Simplify ML deployment with Decisimo: A clear platform for decision making - Decisimo
Published on: 2024-08-10 18:36:09
Decisimo as a tool for deploying ML models
Decisimo is a practical platform for deploying machine learning models trained in Python or R.
It lets you integrate these models into a broader decision-making process, which makes it useful for businesses and organizations that rely on machine learning for decisions.
Building Decision Flows with Models
One of the main capabilities of Decisimo is building a decision flow. That makes it straightforward to place a model trained in Python or R inside a broader decision-making process, such as probability assessment or segmentation.
Decisimo also supports optimization models, which can help determine the best offer or combination and make the decision-making process easier to manage.
Chaining Models and Incorporating Decision Components
Another useful capability of Decisimo is chaining models together into decision logic.
This means multiple models can run within a single decision-making process, which can improve consistency and reliability.
Decisimo also supports other decision components, such as rule sets, decision tables, and mathematical functions, which adds more control to the decision-making process.
Examples from various industries and applications
Decisimo's ability to build decision flows and incorporate pre-trained models makes it a flexible platform for a wide range of industries and applications.
Credit Scoring Model in Consumer Lending
For example, in consumer lending, a machine learning model trained in Python or R could be used to predict the creditworthiness of an applicant based on their financial history and other factors.
That output could then be incorporated into a decision flow in Decisimo, where it would be used to determine the appropriate interest rate or loan terms for the applicant.
Risk-based Pricing and Product Proposal
The model output could also be used to propose a different product or a lower or higher down payment.
This risk-based pricing approach can help lenders make better lending decisions while also supporting fair and transparent lending practices for borrowers.

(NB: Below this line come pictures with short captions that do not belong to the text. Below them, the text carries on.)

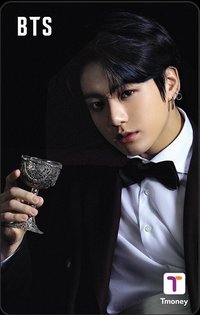 MOTS7 CU 交通卡 T-money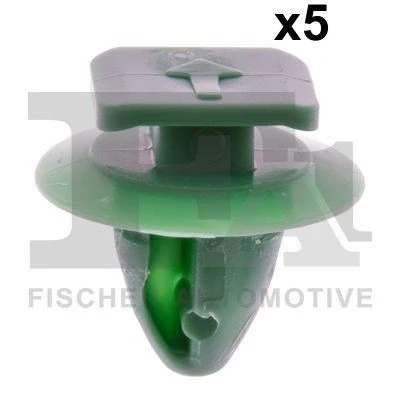 Billede af FA1 33 40010.5 Clips, side /beskyttelseslister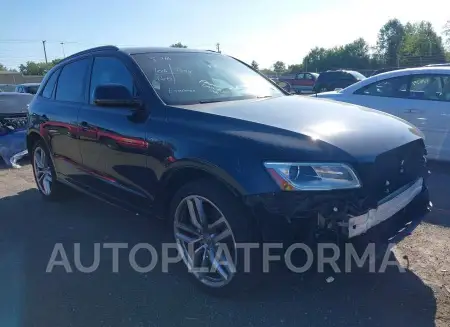 Audi SQ5 2016 2016 vin WA1CCAFP9GA070674 from auto auction Iaai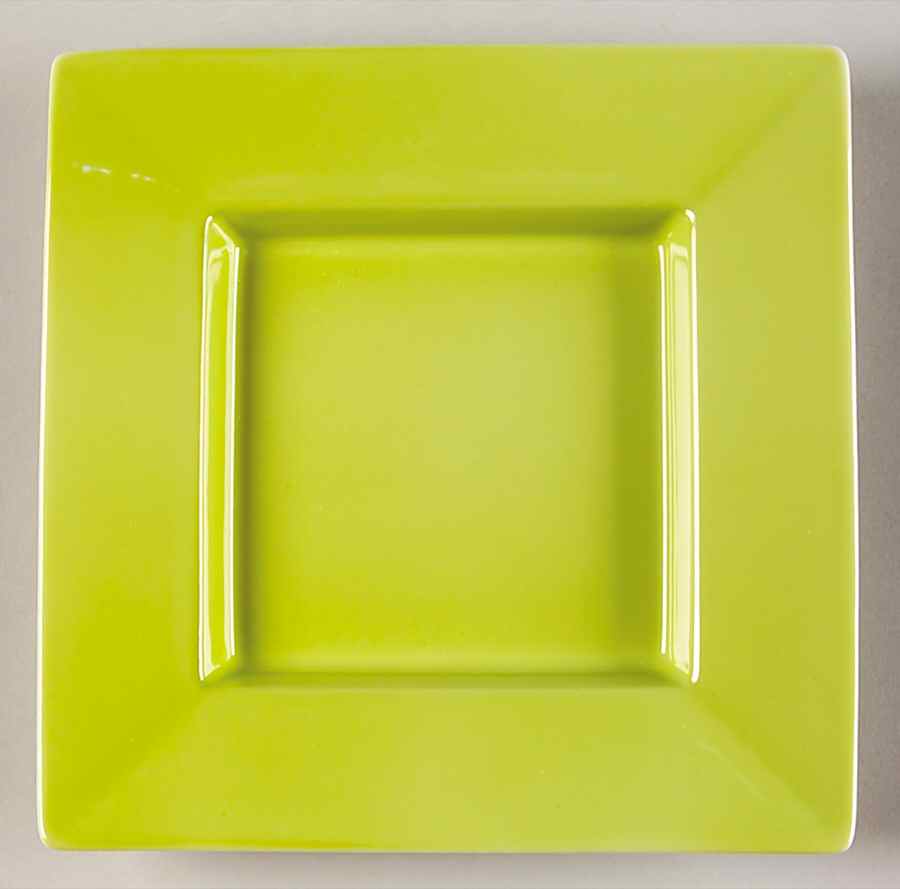 Coeurs 6" Square Tray by Philippe Deshoulieres-1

Marketing and Customer Service
Decisimo can also be used in marketing, customer service, and many other fields. For example, in customer service, a machine learning model trained in Python or R could be used to predict the likelihood of a customer requesting a refund.

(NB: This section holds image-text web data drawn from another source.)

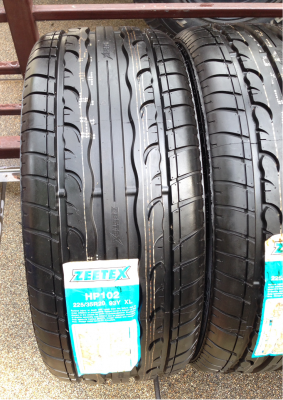 ยางใหม่ ZEETE X 225 35 20 ราคาเร้าใจ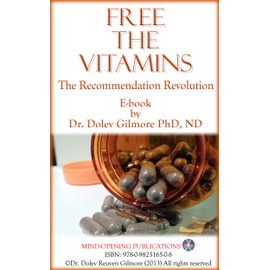  FREE THE VITAMINS!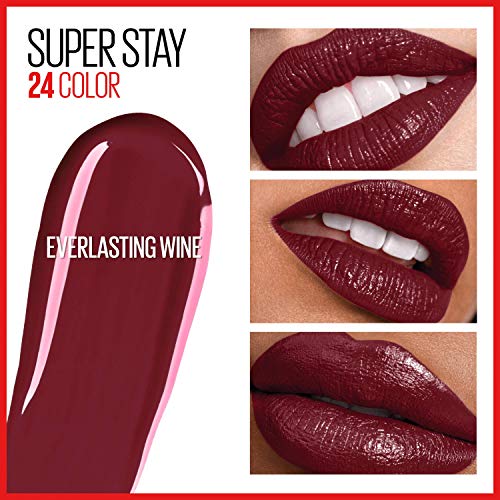 Maybelline 10045929 Super Stay 24, 2-Step Liquid Lipstick Makeup thumb #2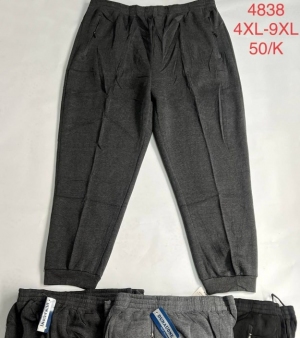 Spodnie dresowe męskie (4XL-9XL) DN17626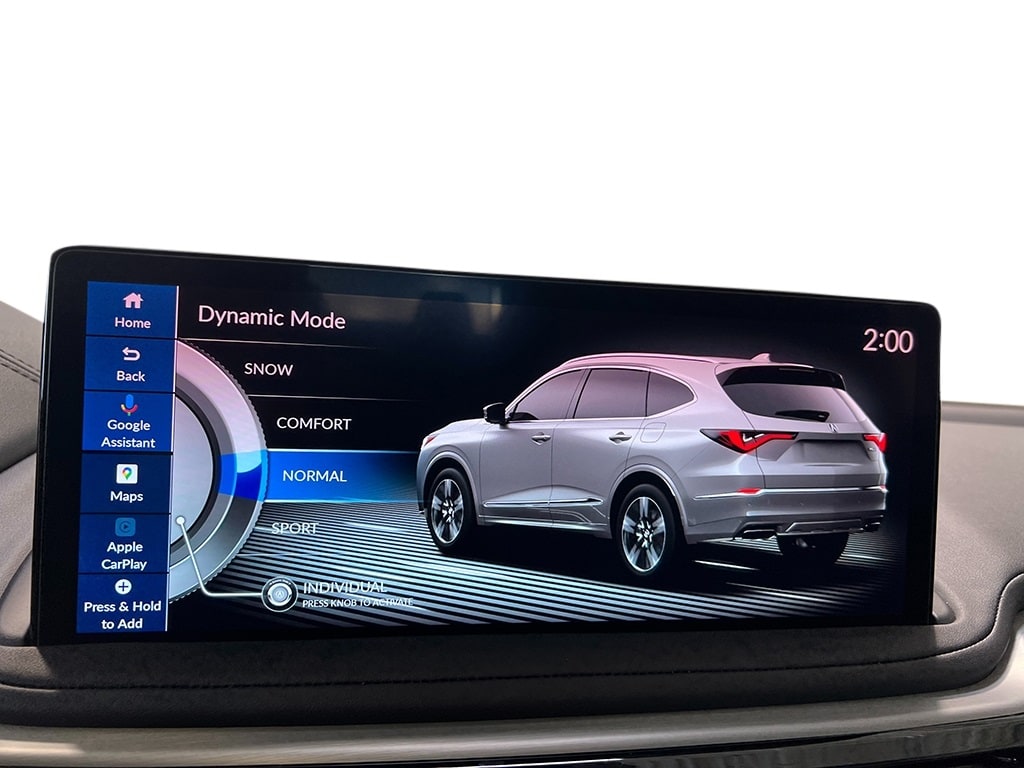 Thumbnail: 2026 Acura MDX - 27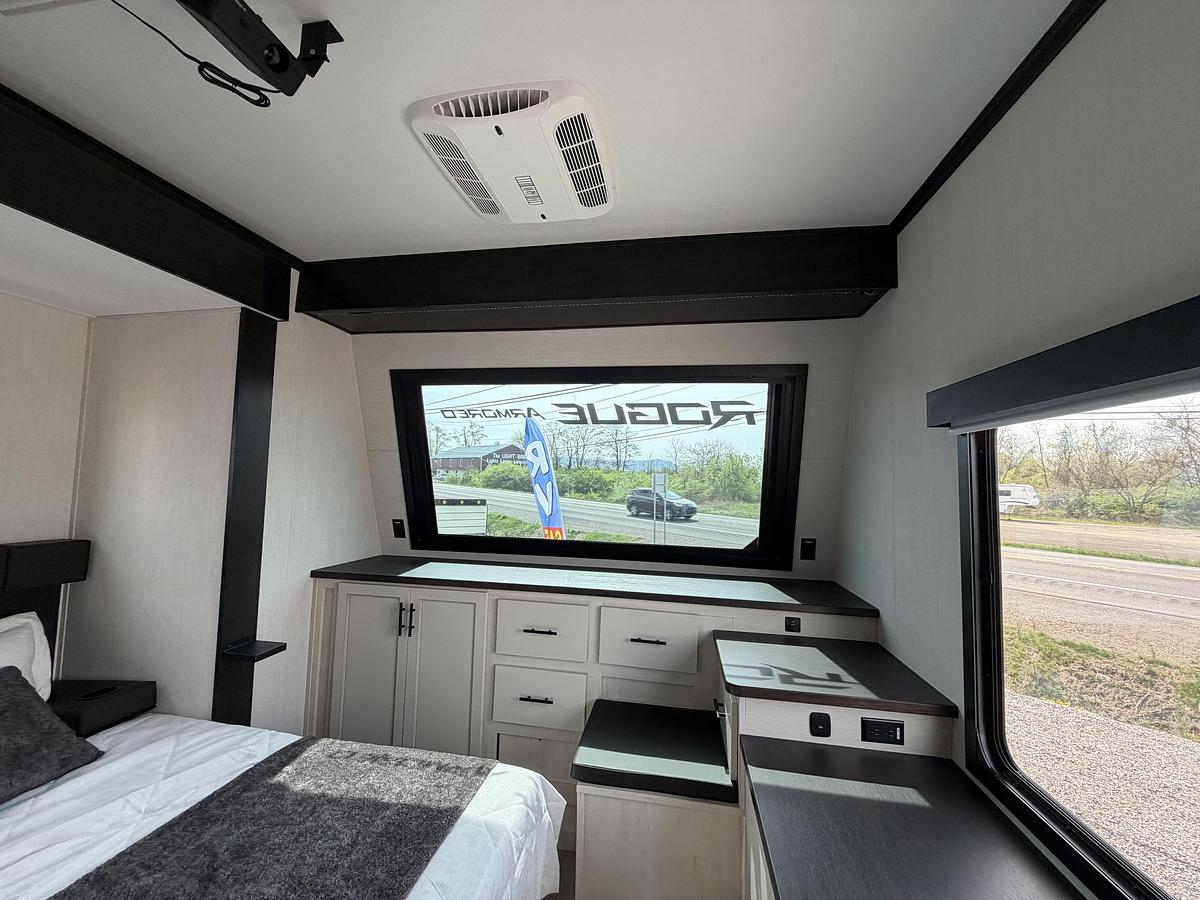 New 2026 Forest River RV Vengeance Rogue Armored 32L132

That probability output could then be incorporated into a decision flow in Decisimo, where it would be used to determine the best course of action, such as providing a discount or offering an alternative product.

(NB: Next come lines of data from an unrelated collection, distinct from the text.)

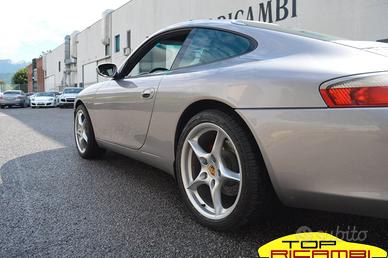 TOP RICAMBI kit Distanziali porsche 996 3.4 e 3.6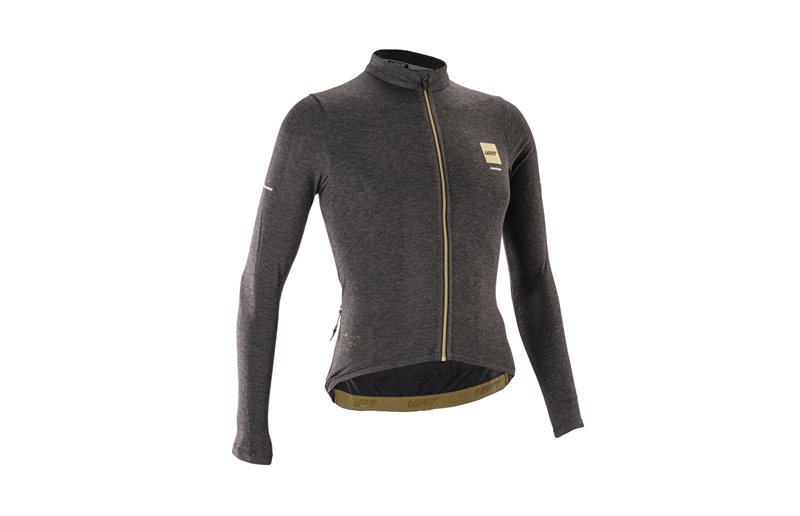 Pyöräilypaita Leatt Jersey MTB Endurance 4.0 L/S Women Black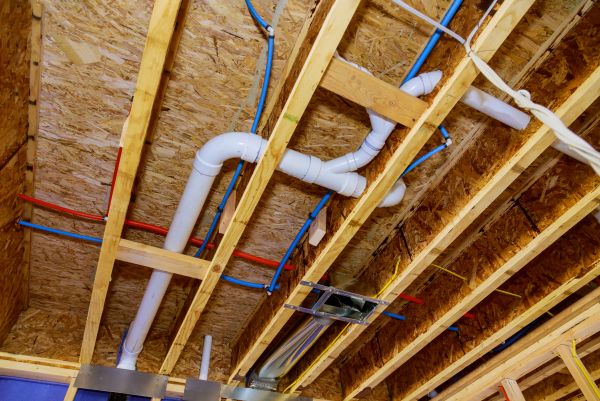 Plumbing Remodeling in Green Bay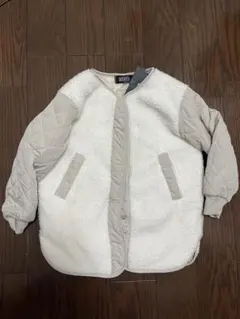 アウター　ジャケット ボア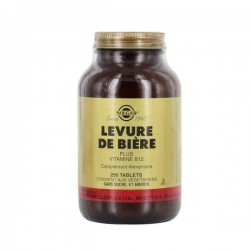 Levure de bière - Solgar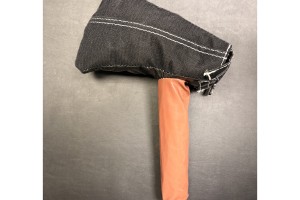 Bijl voor bijl werpspel (groot)
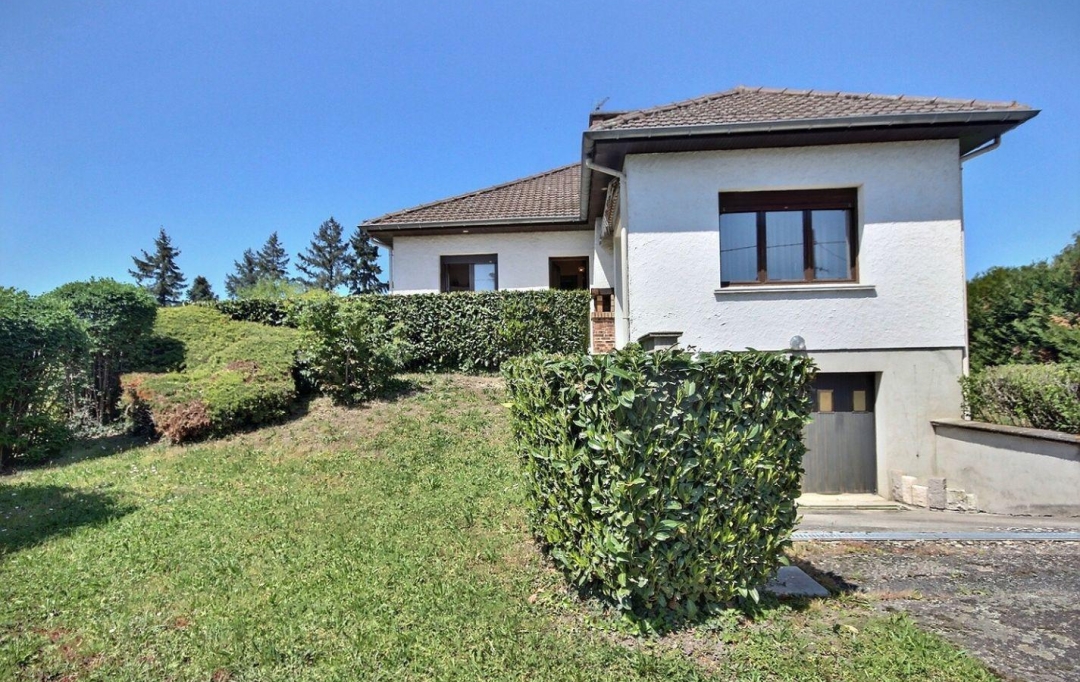 WEALSTONE : Maison / Villa | MONTROND-LES-BAINS (42210) | 108 m2 | 239 000 € 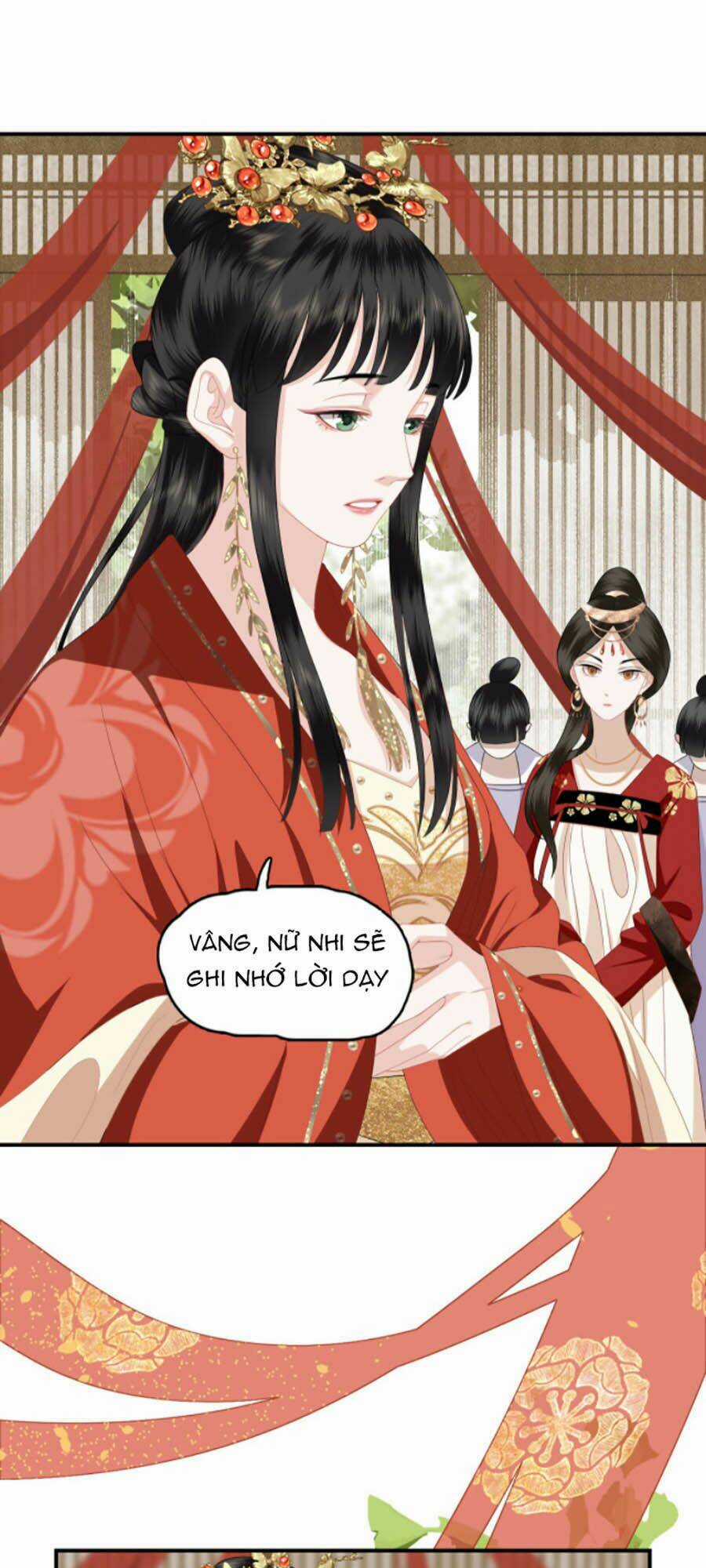 Điều Hương Vương Phi - Chapter 2 - Trang 37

Advantages of Decisimo over traditional ML operations
Decisimo offers a clear advantage over traditional machine learning operations, where a separate model platform must be built and then integrated with other decision support systems.
With Decisimo, machine learning models and decision logic sit together in one platform, giving teams a single place to manage decisions.
This removes the need for complex, time-consuming integration work and supports a simpler, more efficient approach to decision-making.
User-friendly Interface and Management of the Decision-making process
Decisimo also provides a clear interface for managing the decision-making process.
This makes it easier for teams to collaborate on decision-making projects and supports more transparency and accountability.
No-code Platform and Business User Empowerment
One of the main benefits of Decisimo is that it does not require coding skills or knowledge of complex topics such as programming languages or cloud operations.
It is a no-code platform that lets business users update decision logic, change rules, and deploy quickly to production.
This means non-technical users can make changes to decision-making processes and keep them aligned with changing business needs.
Decisimo as a complete decision-making solution
Overall, Decisimo is a practical platform that simplifies deploying machine learning models and placing them inside a broader decision-making process.
It provides a complete decision-making solution that removes the need for complex integration work and supports a simpler, more efficient approach to decision-making.